Being a school predominantly made up of American English speakers we noticed that the Indian English speakers used the term “isn’t it?” with a noticeable frequency. (I hesitated to put a ? at the end because it wasn’t phrased as a question per se.)
In fact, for many of them it was practically a punctuation mark to every sentence. And, there did not seem to be any agreement of pluralization or tense. (e.g. “The students went to a party. Isn’t it?”)
Presumably, they use the phrase “isn’t it?” in the same way that speaker of American English would use “you see” or “don’t you agree?”
My question that has nagged me for years, why would this construct come to predominate in Indian English? It doesn’t strike me as a particularly British English import. Is it a direct translation of a common phrasing in Hindi or one of the many languages of the sub-continent?
Is it a direct translation of a common phrasing in Hindi or one of the many languages of the sub-continent?
You've hit the nail on the head. It's a direct translation of the phrase "hain na" which literally means "isn't it" or (confusingly) "right, no?" which can (even more confusingly) be simplified to just "right". Much like @Neeku already alluded to, it's very much like the British "innit", but somehow even more flexible than that.
Presumably, they use the phrase "isn't it?" in the same way that speaker of American English would use "you see" or "don't you agree?"
Right again! But while it can be used for both literally, it's mostly used more as "you see" and than "don't you agree?"
e.g. "The students went to a party. Isn't it?"
If I translate it back, the statement becomes: "The students went to a party, right?" Not really a question, more a statement.
Correct answer by Amin Shah Gilani on June 19, 2021
As John Lawler comments above...
Indian English has made considerable changes from British English in idiomatic syntax and phrase formation. Isn't it? has been frozen into an idiom in India, and it no longer varies the auxiliary verb or the subject of the tag question.

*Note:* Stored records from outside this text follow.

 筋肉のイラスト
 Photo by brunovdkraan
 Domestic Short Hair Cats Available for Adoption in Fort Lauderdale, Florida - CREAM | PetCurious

I think OP is mistaken in thinking BrE innit as appended to statements is "Cockney". It's now quite widespread, particularly among younger and less educated speakers. But I'm pretty certain it originally arose within "second-generation Asians" (i.e. - people who were born in the UK of parents who came from Indian or Pakistan). Their parents were already using IE isn't it; they simply Anglicised it to innit.
Obviously those younger people who took the trouble to Anglicise a form like that (or adopt it early when they heard it) would disproportionately include those who were both "proud" of their parents and wished to integrate into mainstream British culture. That being a much-admired characteristic in multicultural Britain, young people from other non-Anglo-Saxon backgrounds (esp. Negroes and West Indians) were also quick to adopt it.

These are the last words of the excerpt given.